As for my dad, well, I honestly don’t know what he would say. I know he is not a bitter, angry nor vengeful man. He never let what happened to him destroy him. I also know I would not be the person I am today without the compassion and love he continued to instill in me. I think he, like any of us - especially if we actually knew Myuran and Andrew personally - would not want them to be lined up like cattle and murdered.

So before you go and say they deserve such a horrible senseless death because “they were stupid” and because “drugs are bad, m’kay” and because it “sends a message”… just stop. Pause. Think. And try another perspective on for size.

My heart is with Myuran and Andrew. I really hope there is a last-minute reprieve and they make it.

Nick Snelling
 
What about a violent psychopath that even when removed from society (imprisoned) he/she continues to be a threat and kills other inmates and guards?

Should society not end this criminals life in order to protect the lives of others?

I don't think their life should be ended, surely there are many very dangerous criminals in jails that have to be closely watched (and not let mix as much). Leave them locked up for life with only an hour out of their pen each day. Now that's a real (long) sentence.

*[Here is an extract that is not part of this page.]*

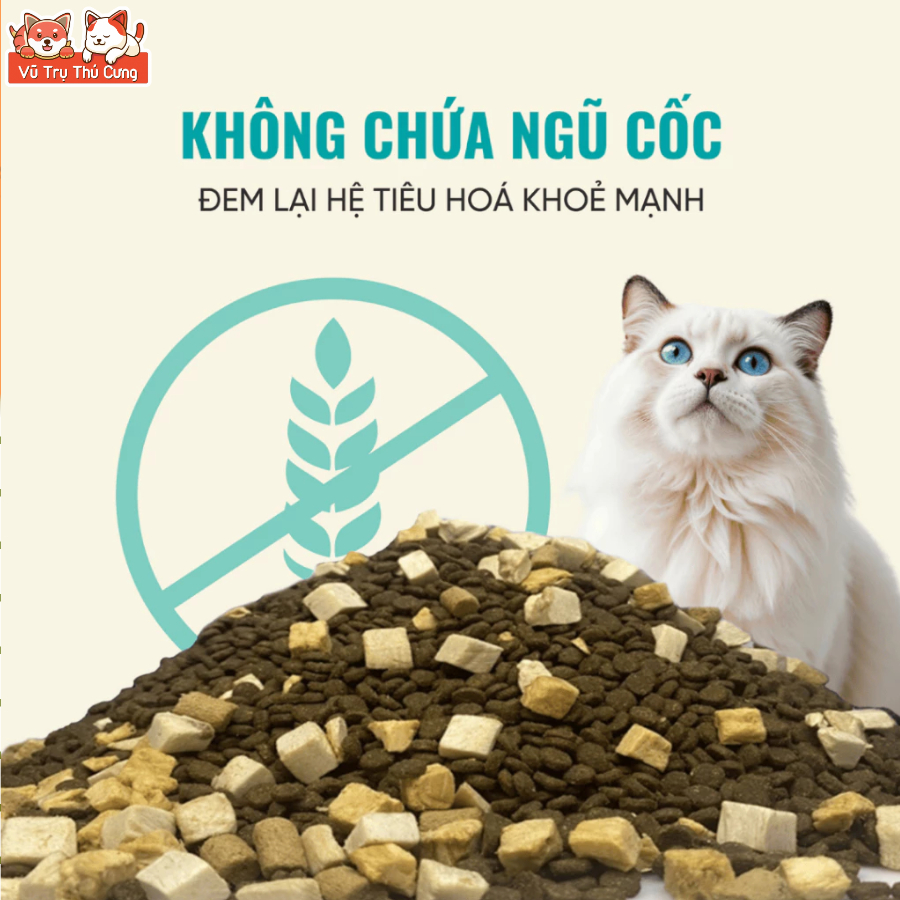Hạt Cho Mèo Bite Of Wild F42 Thành Phần 6 Loại Cá Biển, Protein 42%, Giúp Mượt Lông Da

Getting killed is the easy way out for alot of people who have done some truly horrible crimes, like mass murder and killing kids etc.
 
I don't think their life should be ended, surely there are many very dangerous criminals in jails that have to be closely watched (and not let mix as much). Leave them locked up for life with only an hour out of their pen each day. Now that's a real (long) sentence.

Getting killed is the easy way out for alot of people who have done some truly horrible crimes, like mass murder and killing kids etc.
I do not think being a prison guard is an amoral occupation.

There are some people that will kill given the chance, and I do not think it is an acceptable risk to lock someone up for life, when they will make it their mission to kill those whom imprison them.

Some people are such extreme killers that the best way to segregate them from society is to kill them. These aren't people who may be innocent but convicted repeated killers who have continued to kill in jail.